Children of the Corn is a pretty original premise, despite having some elements that strongly reminded me of Village of the Damned and The Wicker Man (the original, not the Nicholas Cage one). But there’s no denying this movie is cheesy (or, I guess, corny?) to the core. 

Two of the best parts happen early on. The first scene depicts the creepy kids staging the murder of the adults in a diner, and it gets really bloody really fast. The second part comes not long after, when a kid tries to escape the corn cult and gets hunted down by the leader’s henchman (Hench kid?). He gets his throat slit, then staggers onto the road, and is hit dead-on at high speed by the couple’s car. It’s such a shocking and brutal death, it’s actually too extreme to be scary and is just hilarious (albeit memorable) instead. After these two big moments in the beginning, the rest is a slow build-up to a bizarre conclusion complete with laugh-out-loud 80’s effects and Linda Hamilton strung up on a cross made of corn. 

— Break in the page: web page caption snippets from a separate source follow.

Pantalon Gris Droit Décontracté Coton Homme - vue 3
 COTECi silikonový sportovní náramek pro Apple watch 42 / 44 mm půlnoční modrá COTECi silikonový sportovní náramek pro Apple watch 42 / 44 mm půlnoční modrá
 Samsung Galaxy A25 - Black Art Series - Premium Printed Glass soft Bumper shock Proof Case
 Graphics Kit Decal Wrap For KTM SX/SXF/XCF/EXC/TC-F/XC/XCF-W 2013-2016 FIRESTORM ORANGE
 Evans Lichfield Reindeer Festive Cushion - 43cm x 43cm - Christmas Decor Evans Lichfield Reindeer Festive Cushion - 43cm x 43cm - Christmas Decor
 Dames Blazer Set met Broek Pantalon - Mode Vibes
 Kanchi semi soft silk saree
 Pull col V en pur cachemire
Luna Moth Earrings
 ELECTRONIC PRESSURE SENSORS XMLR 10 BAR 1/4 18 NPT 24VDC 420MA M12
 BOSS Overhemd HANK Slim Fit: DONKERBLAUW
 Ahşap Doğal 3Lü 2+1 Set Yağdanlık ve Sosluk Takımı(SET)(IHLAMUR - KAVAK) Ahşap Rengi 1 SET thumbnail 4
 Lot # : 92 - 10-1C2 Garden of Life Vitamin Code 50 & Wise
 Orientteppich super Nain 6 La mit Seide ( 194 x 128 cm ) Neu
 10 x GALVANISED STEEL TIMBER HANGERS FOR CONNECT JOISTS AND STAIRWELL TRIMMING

The premise is played completely straight, which often had me laughing, because it’s pretty damn absurd to watch a little kid who looks more like a little old man who put the skin of a little boy on like some kind of Buffalo Bill (sorry kid, I’m sure you were very nice in real life) and listen to him spout out dialogue about “He who walks behind the rows”. Oh yeah, and the whole supernatural force within the crops? Not really explained. 

About the kids, though: the main two—Isaac, the little leader, and his henchman, red-headed Malachai—are truly scary looking. And even though the concept is absurd, I still understand, and even felt, the creepy factor about it. The idea of kids wielding sickles and coming after you in hordes is, admittedly, a pretty disturbing idea. 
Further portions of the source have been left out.